The present Code of Canon Law and the Catechism of the Catholic Church also reiterate the importance of the Sunday obligation, with the catechism calling it the “foremost holy day of obligation in the universal Church.” 

“Christ told us, ‘Give to God what is God's, and to Caesar what is Caesar’s,’ and the commandment to love God above all, and to keep the Sabbath as a part of one's worship, remain forever valid,” stressed Dominican Father Ezra Sullivan, professor of moral theology at the Pontifical University of St. Thomas Aquinas in Rome. “No civil power has the right wholly to stop a Christian from worshipping God,” he added, “and Christians should not obey unreasonable commands in that regard. 

“Because the sacraments, especially holy Mass, are the highest forms of worshiping God, Catholics should always strive to participate personally and physically in holy Mass on Sundays, for this is an obligation, a right to be exercised, and a gift to be enjoyed,” he said. 

Father Haffner pointed out prayer in addition to the sacraments was also vital. In other historical pandemics, he said “there was really fervent, loving prayer, that the Lord and Our Lady would respond with a miracle.” He added that his message to the faithful, therefore, is to ask themselves: “Are we praying hard enough? Are we begging Him very hard so that the human suffering can be alleviated?”


Vatican’s Nativity Scene

Even though the Vatican liturgies will be affected this Christmas, the usual traditions of a Nativity scene and Christmas tree will go ahead as normal this year. 

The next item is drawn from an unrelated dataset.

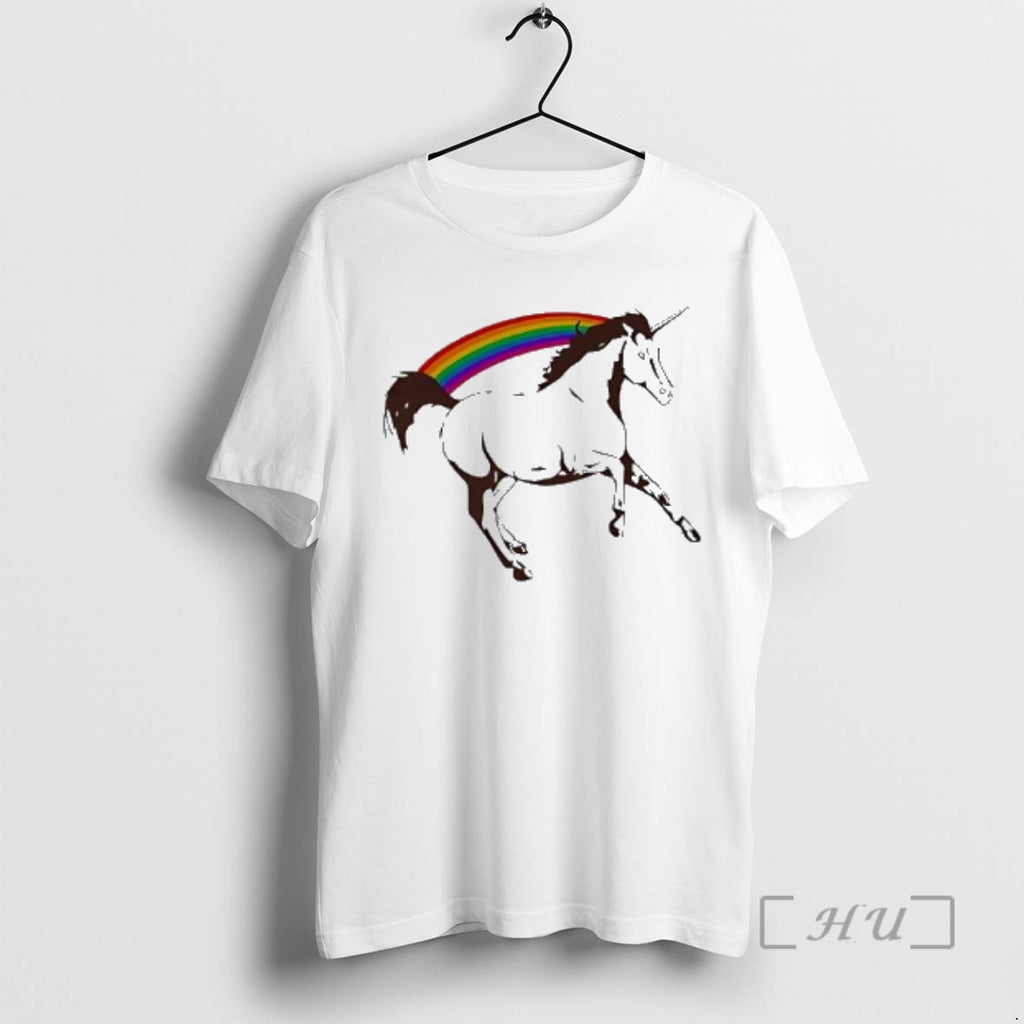 Trending Unicorn With Rainbow T-Shirts, Hoodie, Sweatshirt | InkRitualCo.com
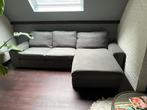 KIVIK 3-zitsbank met chaise longue, Tibbleby beige/grijs, Huis en Inrichting, Zetels | Zetels, Ophalen, 250 tot 300 cm, Hoekbank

The Nativity scene will originate from Castelli, a place famous for its ceramics over four centuries in the mountainous Abruzzi region near Rome. It will have a contemporary and unconventional look, “with strong references to the history of ancient art, Greek, Sumerian and Egyptian art,” the Vatican announced (see what it will look like here). 

“This year even more than usual, the setting up of the traditional space dedicated to Christmas in St. Peter's Square aims to be a sign of hope and trust for the whole world,” the Vatican said, adding that it wishes to “express the certainty that Jesus comes among his people to save and console them — an important message during this difficult time due to the Covid-19 health emergency.” 

The decorated tree, measuring nearly 100 feet high, will this year come from Slovenia.